On the other hand, if n=N (Yes at Step S17), the registering unit 34 divides the vector V by N to calculate the average of the speaker embedding vectors “v” of the speaker “k” calculated at Step S15; and registers, in the embedding vector storing unit 104, the vector V/N as the speaker embedding vector of the speaker “k” (Step S18).
As illustrated in
By performing voice recognition at Step S21, if no keyword is detected (No at Step S22), the system control of the user registration operation returns to Step S21 and voice recognition of the speaker “k” is continued.
On the other hand, by performing voice recognition at Step S21, when a keyword is detected (Yes at Step S22), the clipping unit 32 clips the feature quantities included in the keyword detection section (Step S23).
Then, from the feature quantities clipped at Step S23, the embedding vector calculating unit 33 calculates the speaker embedding vectors “v” (Step S24). Subsequently, the similarity degree calculating unit 35 calculates the similarity degrees of the speaker embedding vectors “v” calculated at Step S24 with the speaker embedding vector of each registered speaker as stored in the embedding vector storing unit 104 by the registering unit 34 (Step S25).
Then, based on the similarity degrees calculated at Step S25, the determining unit 4 determines the speaker of the utterances included in the keyword detection section; and, based on the determination result (identification result) about the speaker, the device control unit 7 controls the devices according to the individual setting of the identified speaker (Step S26).
Subsequently, the display control unit 5 displays, in the display 6, the information identifying the speaker whose voice is recognized at Step S21 (the speaker who is identified from the similarity degree is output as the identification result) (Step S27).
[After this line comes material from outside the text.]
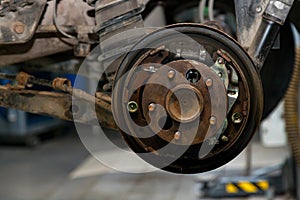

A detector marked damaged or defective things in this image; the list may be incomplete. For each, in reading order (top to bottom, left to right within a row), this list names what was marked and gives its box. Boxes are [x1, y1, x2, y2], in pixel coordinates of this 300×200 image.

rusty brake drum [112, 23, 262, 173]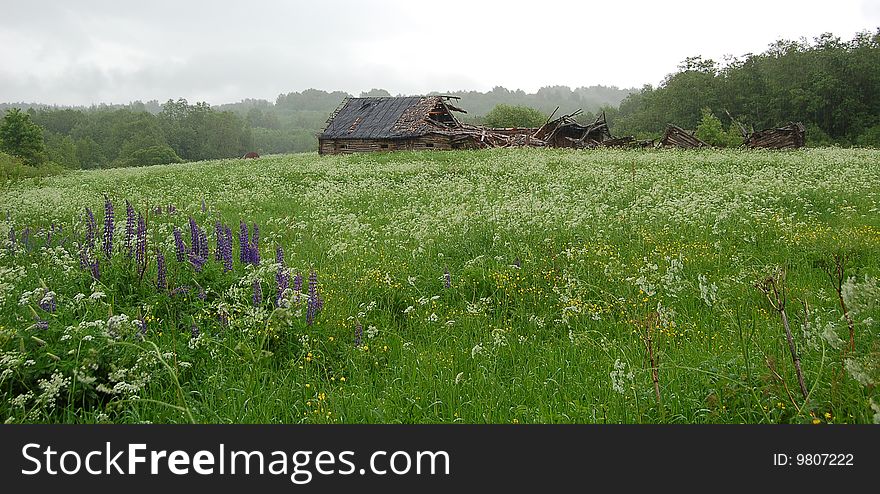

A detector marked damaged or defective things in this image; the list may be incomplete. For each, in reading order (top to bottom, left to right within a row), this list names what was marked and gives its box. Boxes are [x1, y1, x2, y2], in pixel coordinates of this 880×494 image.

damaged roof [322, 96, 460, 139]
As explained above, in the voice recognition device 100 according to the embodiment, the embedding model storing unit 102 (an exemplary memory) is used to store the first speaker embedding vector of one or more given registered speakers; and the individual setting storing unit 103 (an exemplary memory) is used to store the individual setting of the registered speakers for use in device control. The voice recognizing unit 2 recognizes a voice from an acoustic signal and obtains the voice recognition result. The second analyzing unit 31 analyzes the acoustic signal and extracts the feature quantities indicating the features of the waveform of the acoustic signal. The clipping unit 32 clips, from the voice recognition result, the feature-quantity sequence included in the utterance section. The embedding vector calculating unit 33 calculates a second speaker embedding vector using the feature-quantity sequence. The similarity degree calculating unit 35 calculates one or more similarity degrees for the second speaker embedding vector and one or more first speaker embedding vector. Based on the one or more similarity degrees, the determining unit 4 determines which of the one or more registered speakers has made the utterances. Then, based on the registered speaker who is determined from the one or more similarity degrees and based on the voice recognition result, the device control unit 7 controls the devices according to the individual setting read from the individual setting storing unit 103.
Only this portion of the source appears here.